Philadelphia Chinese Lantern Festival 2019 Opens in Franklin Square

The festival runs May 1-June 30. This year, there is more to see and more hands-on activities.




Chinese Lantern Festival 2019 in Philadelphia's Franklin Square.

Twenty-nine larger-than-life, illuminated sculptures take over Philly’s 7-acre Franklin Square as part of the Philadelphia Chinese Lantern Festival, opening today. In addition to the return of favorites like the 200-foot-long phoenix and a walk-through dragon tunnel, visitors can expect all-new lanterns and light-design techniques. Featuring 2,000 lanterns adorned with 20,000 LED lights, each installation is handmade using traditional Chinese methods. Interactive elements like lit-up swings and a fortune-telling wheel are particularly popular with little ones.   

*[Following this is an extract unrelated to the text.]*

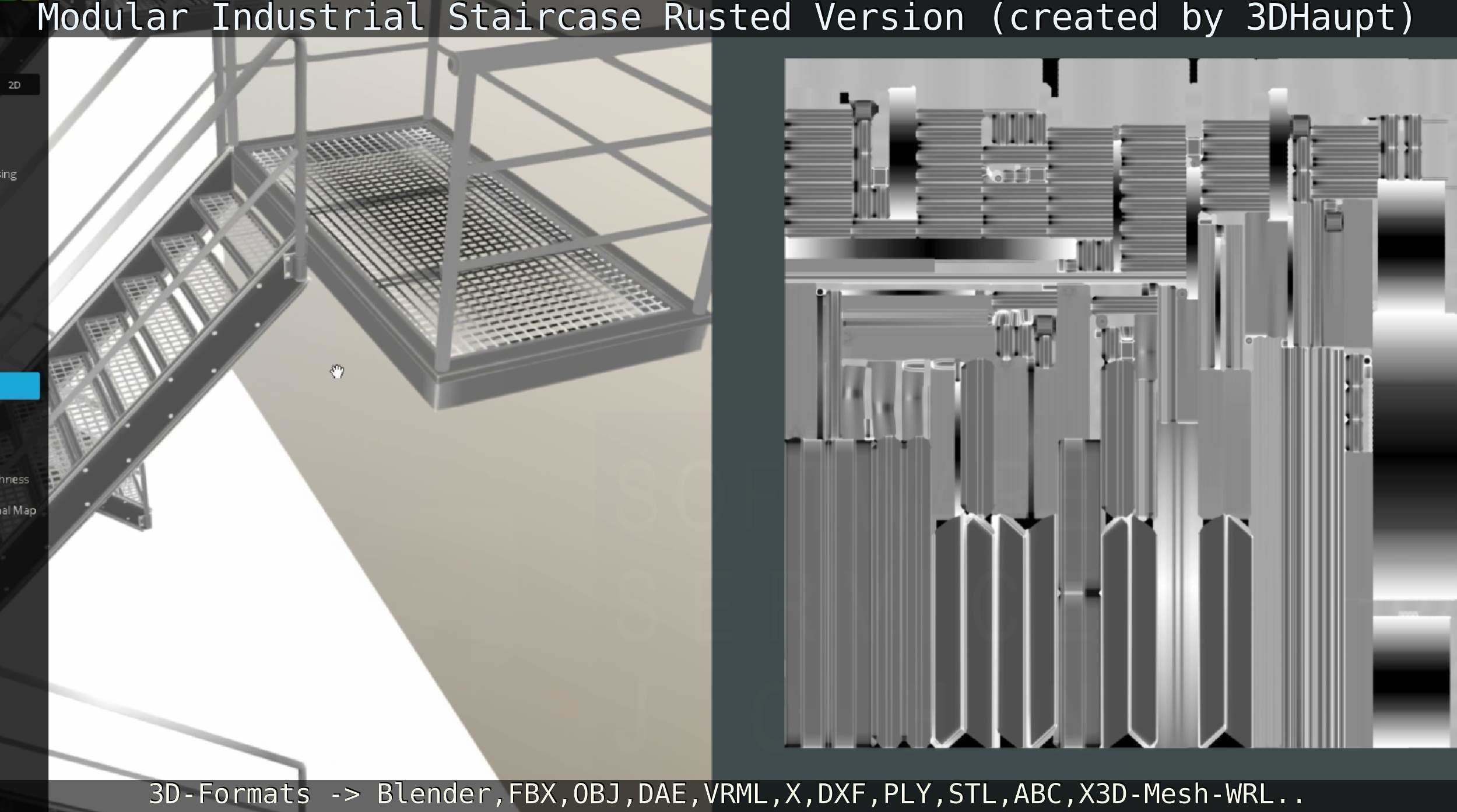 Modular Industrial Staircase Rusted Version - High-Poly 3D model_116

After the kids snap selfies by the sculptures, enjoy authentic cultural performances (think jar juggling, martial arts and tai-chi demos); check out Chinese folk art, from aluminum wire weaving to stone carving; visit the Dragon Beer Garden, open nightly; and try Asian cuisine.

If you’ve been to the festival before, this year’s iteration is well worth another visit. With more to view and a larger number of hands-on activities, this is a great opportunity to immerse the kids in Chinese culture and enjoy an evening of family fun.

Admission is $18-$20 for adults (depending on the day) and $12 for kids. Franklin Square is located at 200 N. 6th St., Philadelphia PA 19106.

Chinese Lantern Festival 2019 in Philadelphia's Franklin Square.

Fun facts, provided by Franklin Square

Most of the lantern materials were created in China especially for the event and sent via 20, 40-foot cube containers on a ship to the United States.

The lanterns were assembled by a 30-person team of artisans from China over a month period in the square.

The glowing phoenix lantern is longer than three school buses and weights 6,000lbs. Standing 200 feet long and 21 feet high, the wings were installed by a crane with a 15-person crew.

The lanterns are created by hand on silk fabric stretched over steel frames and then lit with thousands of LED lights.